Postepy Hig Med Dosw (Online). 2004 Feb 26;58:27-36.
Adrenocortical carcinoma is a rare tumor with an annual incidence of 1 to 2 cases per million people. It is a very aggressive tumor, with a median survival of 28 months, and is slightly more common in women (58.6%) than in men (41.4%). The etiology of disease is still unknown. Most adrenocortical neoplasms are hormone functional. These tumors most commonly produce cortisol (30%), then androgens (20%), estrogens (10%) or aldosterone (2%). The rapid onset of Cushing 's syndrome, with its virilizing features, is characteristic of this cancer. Adrenal tumors are often detected at an advanced stage. In diagnostics, measurement of serum hormone levels and imaging studies, e.g. CT, or MRI, are essential. They also indicate the spread of disease. Complete surgical resection is the only curative treatment for adrenal cancer. Treatment also includes chemotherapy, especially with mitotane, usually in combination with doxorubicin, etoposide, and cisplatin. Results of treatment are not satisfying, so adjuvant multicenter trials are still underway.
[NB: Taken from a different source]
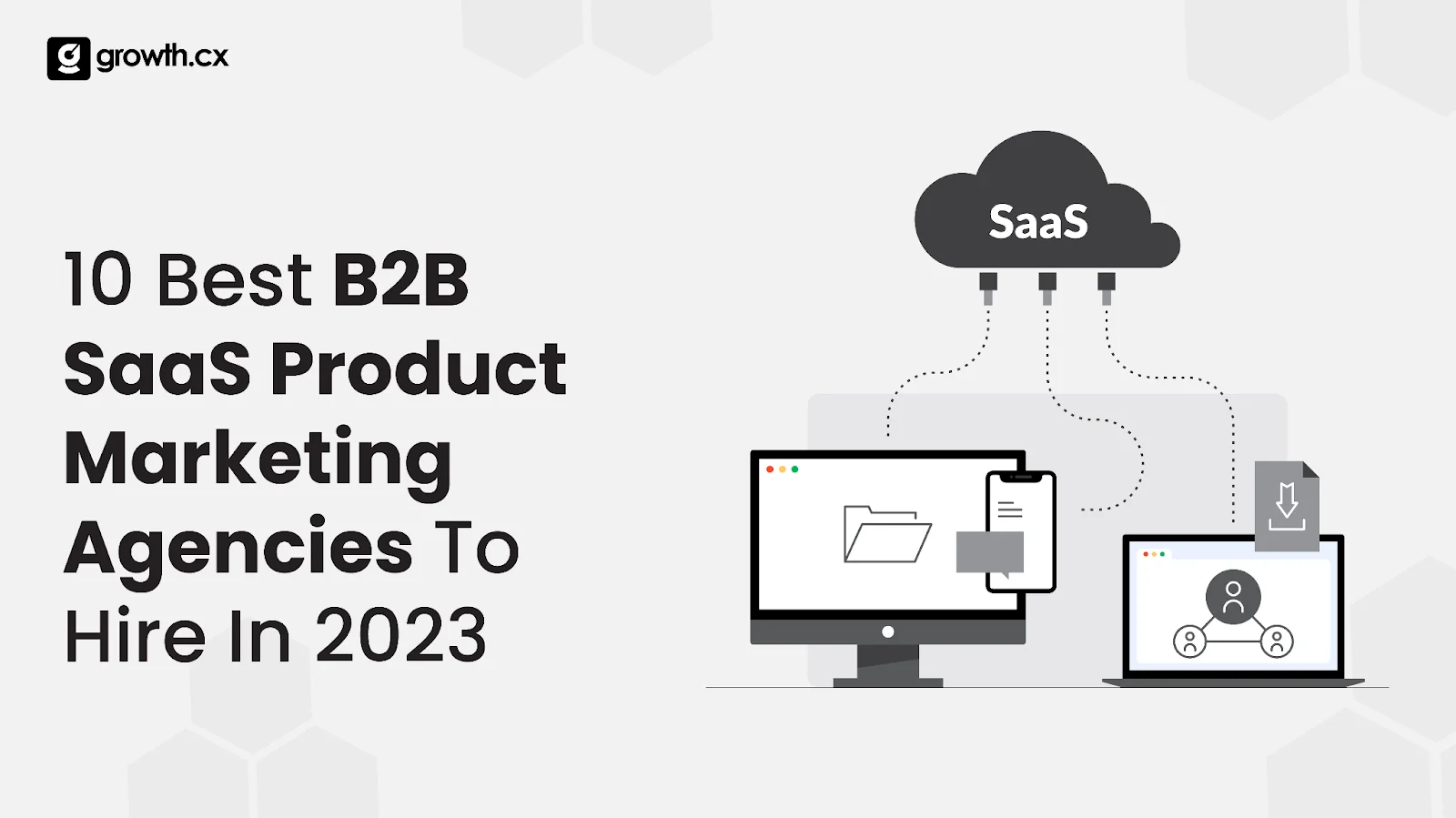 10 Best B2B SaaS Product Marketing Agencies To Hire In 2023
肾上腺皮质癌是一种罕见肿瘤,年发病率为每百万人1至2例。它是一种侵袭性很强的肿瘤,中位生存期为28个月,在女性中(58.6%)比在男性中(41.4%)略为常见。疾病病因尚不清楚。大多数肾上腺皮质肿瘤具有激素功能。这些肿瘤最常分泌皮质醇(30%),其次是雄激素(20%)、雌激素(10%)或醛固酮(2%)。伴有男性化特征的库欣综合征快速起病是这种癌症的特点。肾上腺肿瘤常常在晚期才被发现。在诊断中,血清激素水平测定以及影像学检查,如CT或MRI,至关重要。它们还能显示疾病的扩散情况。完整的手术切除是肾上腺癌唯一的治愈性治疗方法。治疗还包括化疗,尤其是使用米托坦,通常与阿霉素、依托泊苷和顺铂联合使用。治疗结果并不令人满意,因此多中心辅助试验仍在进行中。